The other CPO fiber infrastructure example that was showcased was a GPU-based interconnect system from Mixx Technologies, which also included MMC connectors and pluggable laser sources at the system’s faceplate, a mix of densely packed single mode and polarization maintaining fibers, and fiber management trays to ensure that the fibers are organized in a way that is easily serviceable. Having deployed a high number of densely packed fiber infrastructures in data center and telecom environments, Corning has the experience and know-how to ensure that these systems can be deployed both robustly and at scale.

Additionally, at OFC 2025, Corning previewed a proof of concept towards a more advanced method of connecting fibers to chips by means of a glass substrate with integrated optical waveguides. In addition to scale and cost benefits, extreme densities can be achieved at the edge of the PIC by bringing the waveguides very close together, down to about 30µm, which is far more than what can be achieved with even the thinnest fibers. Next generation fiber-to-chip coupling will enable GPU optics—which will require unprecedented levels of density and scale. Because Corning has the combination of glass, connector, and fiber expertise, we are uniquely positioned to integrate all these critical elements into the most advanced fiber-to-chip connector in the industry which will enable later generation CPO designs by our data center OEM customers.
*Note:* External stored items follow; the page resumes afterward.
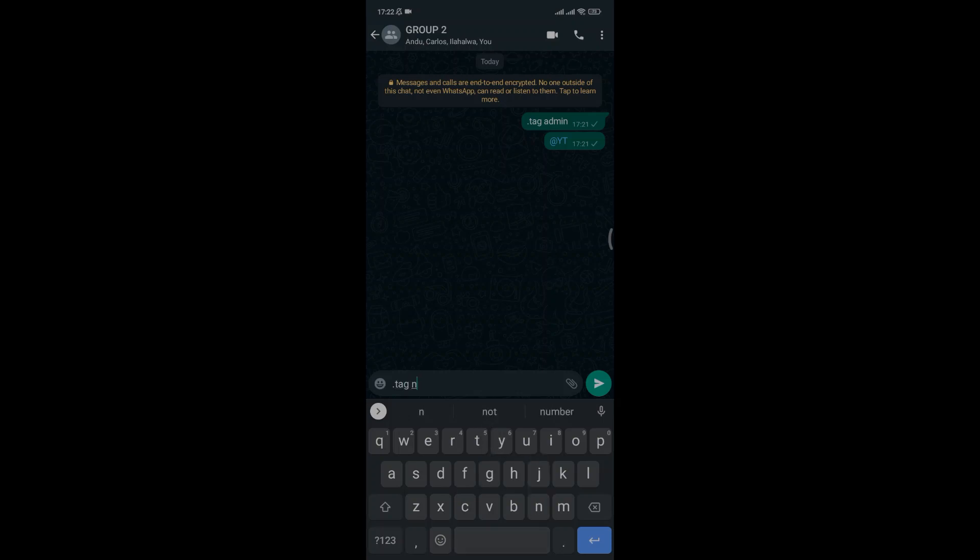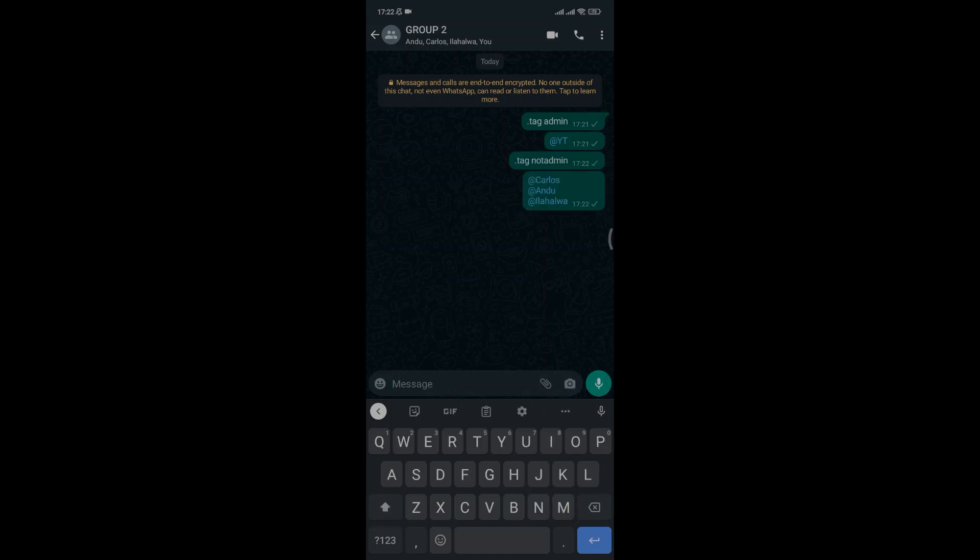To tag those who are not group administrators, just type .tag.notadmin and all members who are not administrators will be tagged.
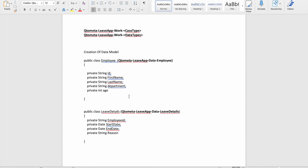Let's talk about data and data model in the context of programming. If you're building a leave application, the normal flow would be: you create a new application and it goes for manager approval. When you apply for leave, you need to fill some data. Let's say you are working in any company as an employee.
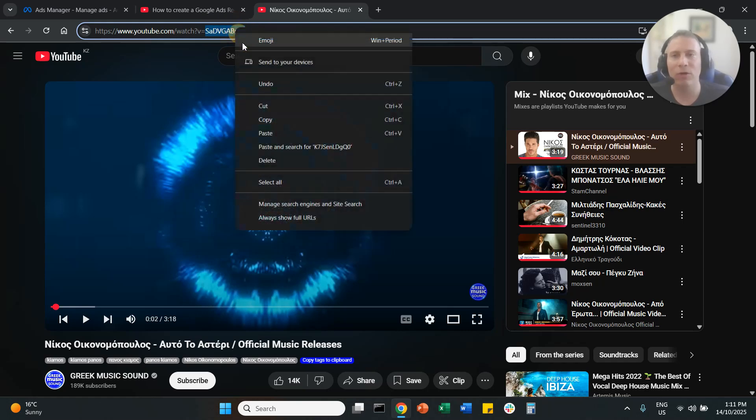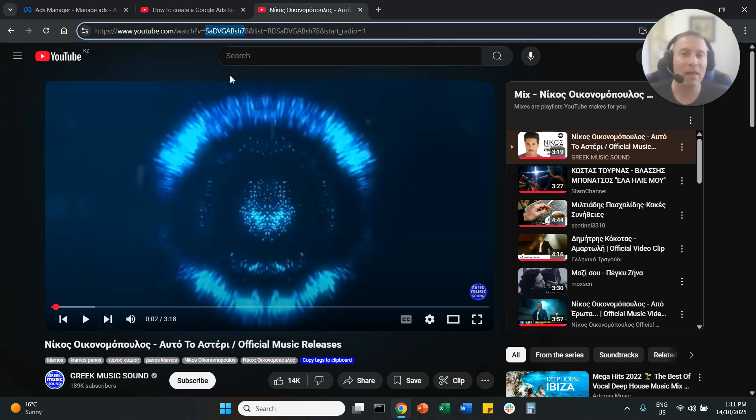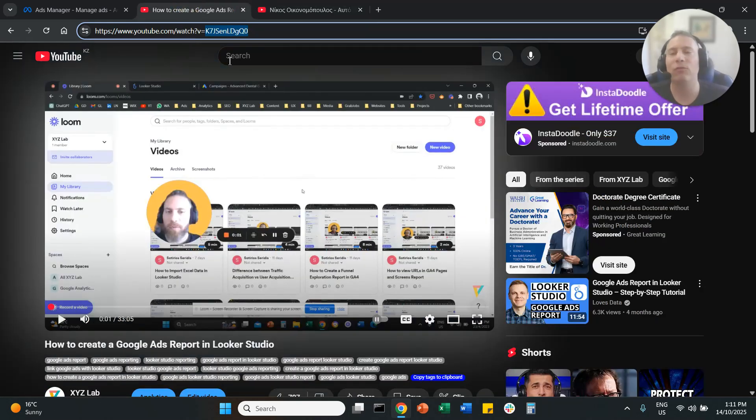You can hover over it and copy it. And that's it. That's how easy it is to find a YouTube video ID.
What once appeared to be a far-reaching and futuristic technology, CPO has become a reality driven by phenomenal AI growth and the need to enable it with increased speeds and density while significantly reducing power consumptions. Corning has all the elements to address this need with innovative fiber and connectivity solutions and is excited to help move CPO forward now and in the years to come.